This architecture diagram illustrates the two-phase deployment setup for serving
the Llama 3 model with MAX on cloud provider infrastructure.

The deployment process is divided into two phases:

- **Phase 1: Cloud stack creation**: In this initial phase, the following
infrastructure is provisioned and configured to prepare for serving requests:
  - **Public IP assignment**: The cloud provider assigns a public IP to the
  virtual machine (VM), allowing it to be accessed externally.
  - **Firewall/Security group configuration**: Security settings, such as
  firewall rules or security groups, are applied to allow traffic on port 80.
  This setup ensures that only HTTP requests can access the instance securely.
  - **GPU compute instance setup**: A GPU-enabled VM is created to handle model
  inference efficiently.

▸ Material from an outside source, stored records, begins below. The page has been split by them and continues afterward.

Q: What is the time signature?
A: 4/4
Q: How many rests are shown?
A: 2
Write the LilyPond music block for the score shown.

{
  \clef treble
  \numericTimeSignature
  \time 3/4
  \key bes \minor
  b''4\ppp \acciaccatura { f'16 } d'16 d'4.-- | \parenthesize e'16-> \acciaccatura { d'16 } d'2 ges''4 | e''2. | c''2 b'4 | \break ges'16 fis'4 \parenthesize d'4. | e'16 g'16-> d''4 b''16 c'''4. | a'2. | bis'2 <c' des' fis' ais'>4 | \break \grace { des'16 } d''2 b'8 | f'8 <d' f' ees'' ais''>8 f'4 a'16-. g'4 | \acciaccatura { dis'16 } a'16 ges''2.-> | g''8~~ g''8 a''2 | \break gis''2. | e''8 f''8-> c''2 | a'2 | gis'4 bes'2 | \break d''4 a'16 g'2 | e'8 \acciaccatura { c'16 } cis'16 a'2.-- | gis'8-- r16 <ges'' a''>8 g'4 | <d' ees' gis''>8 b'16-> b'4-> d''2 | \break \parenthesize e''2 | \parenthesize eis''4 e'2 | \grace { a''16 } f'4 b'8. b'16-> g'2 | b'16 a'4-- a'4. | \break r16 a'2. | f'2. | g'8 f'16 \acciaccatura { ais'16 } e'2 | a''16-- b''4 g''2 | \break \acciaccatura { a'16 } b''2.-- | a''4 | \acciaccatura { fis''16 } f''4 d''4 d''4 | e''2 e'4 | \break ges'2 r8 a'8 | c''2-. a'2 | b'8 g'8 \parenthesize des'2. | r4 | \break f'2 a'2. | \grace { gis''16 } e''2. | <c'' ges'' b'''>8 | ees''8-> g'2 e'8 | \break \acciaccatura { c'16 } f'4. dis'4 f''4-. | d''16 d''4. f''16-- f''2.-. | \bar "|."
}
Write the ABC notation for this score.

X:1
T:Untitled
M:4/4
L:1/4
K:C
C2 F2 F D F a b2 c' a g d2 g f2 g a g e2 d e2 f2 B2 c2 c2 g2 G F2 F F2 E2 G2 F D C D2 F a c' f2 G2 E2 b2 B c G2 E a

This instance includes:
    - **GPU drivers/runtime installation**: Necessary GPU drivers and runtime
      libraries are installed to enable hardware acceleration for model
      processing.
    - **Docker container initialization**: A Docker container is launched on the
  VM, where it pulls the necessary images from the Docker Container Registry.
  This registry serves as a central repository for storing Docker images,
  making it easy to deploy and update the application.

Inside the container, MAX is set up alongside the Llama 3 model. This
setup prepares the environment for serving requests but does not yet expose the
endpoint to users.

:::note GPU-enabled Docker containers
The pre-configured GPU-enabled Docker container includes all necessary
dependencies and configurations for running Llama 3 with GPU acceleration.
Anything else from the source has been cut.